Given the high price of grain, fuel and forage it makes sense to get the best out of the organic grazing season. If you are farming on land with a good fertility that is not drought-prone or seasonally water-logged then a good general purpose herbal-ley mix might be a mixture of perennial ryegrass varieties suited to your soil type and situation such as a range of white clover types plus other legumes, like red clover, trefoil and perhaps chicory. Herbal-leys can be adapted for use on good quality beef land by using some of the smaller leaved white clover types which are more persistent and tolerant of closer grazing. Lucerne is slightly higher yielding but is tricky to establish. It is expensive to grow and if trampled or poached by heavy machinery is killed off. Lucerne, like red clover has to be ploughed up every 4/5 years but the main problem restricting it’s production are soil type, soil pH and the susceptibility to heavy and continuous grazing and loss of livestock production through bloat.
White clover spreads sideways, unlike red clover which is a single plant and is therefore more resilient and hardy. White clover are persistent, widely adapted perennial nitrogen producers with tough stems and a dense shallow root mass that protects soil from erosion and suppresses weeds. Depending on type plants grow just 6/12 inches tall but thrive when mowed or grazed. Once established they stand up well to heavy field traffic. In beef systems enhanced rates of live weight gain have been reported on grass/clover swards and silage. During the fattening phase cattle fed on silage made from grass/white clover swards can have a higher daily live weight gain than those fed on grass N silage.

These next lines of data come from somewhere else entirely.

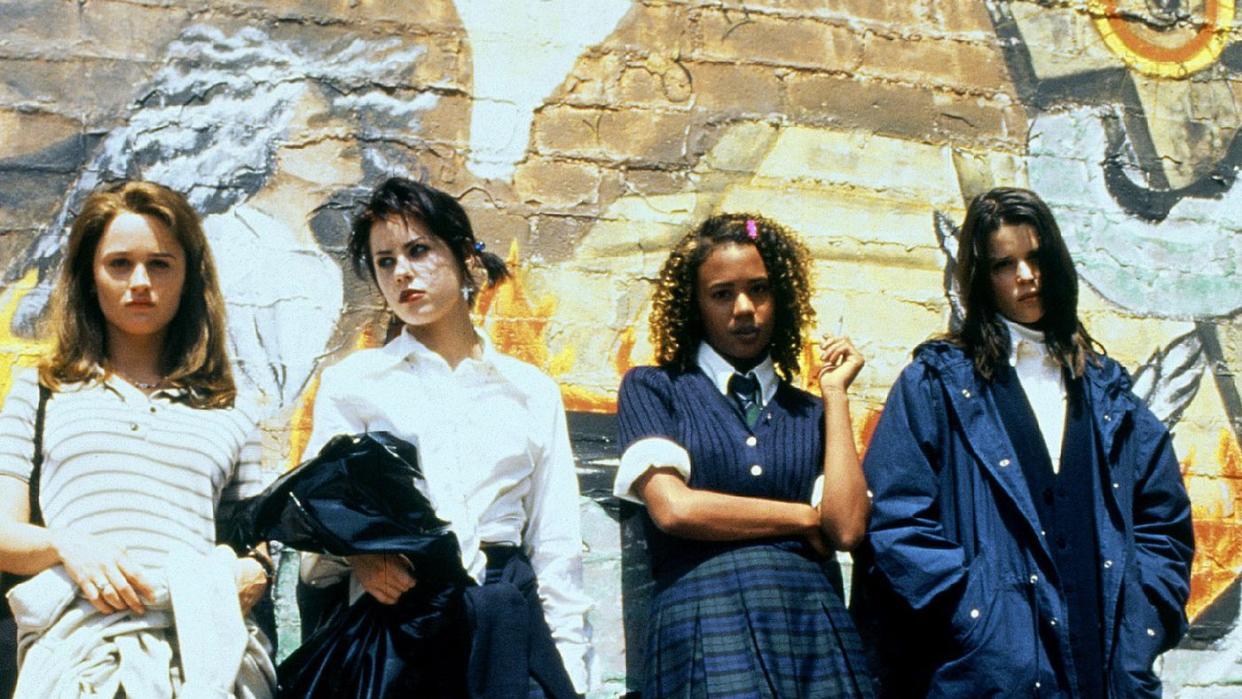 four teen witches lean against a wall in a scene from 'the craft,' a good housekeeping pick for best halloween movies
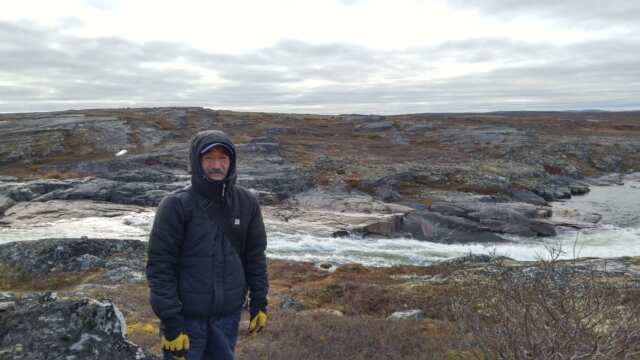 Charlie Kowcharlie standing at the point where the future hydro project is planned to cross the Innuksuak river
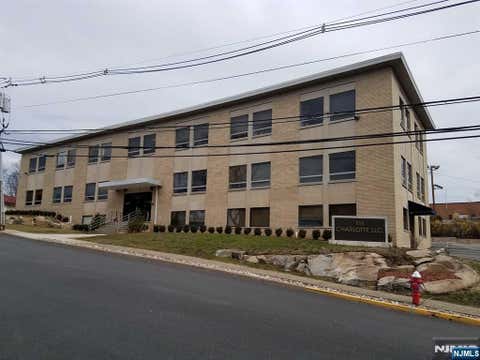 Photo of 111 Charlotte Place #201A, Englewood Cliffs, NJ 07632 (MLS # 26028326)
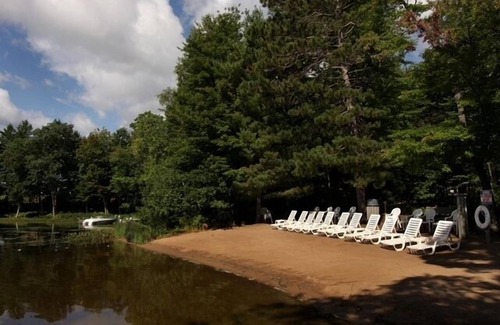 Eagle River Condo | Lake Forest Resort – Relax on a Pristine Sandy Beach in the Northwoods!
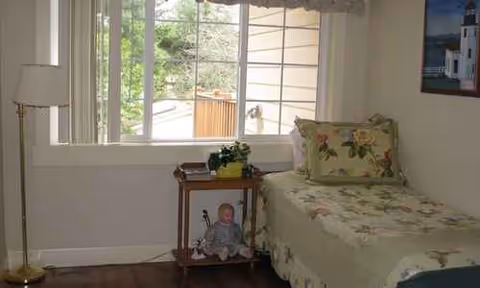 Floral-patterned bedroom in a senior living home with a bed, table, and window.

Depending on weather conditions the grazing season is ideally February/March to November/December. Generally 3 weeks is allowed between grazing periods to allow the clover to do its job and produce nitrogen and to mature otherwise the value will decline. The grass should then be topped to get rid of the weeds.
Every grazing system is a compromise. The strengths and weaknesses of each forage species must be recognized to combine them, making a balanced productive pasture.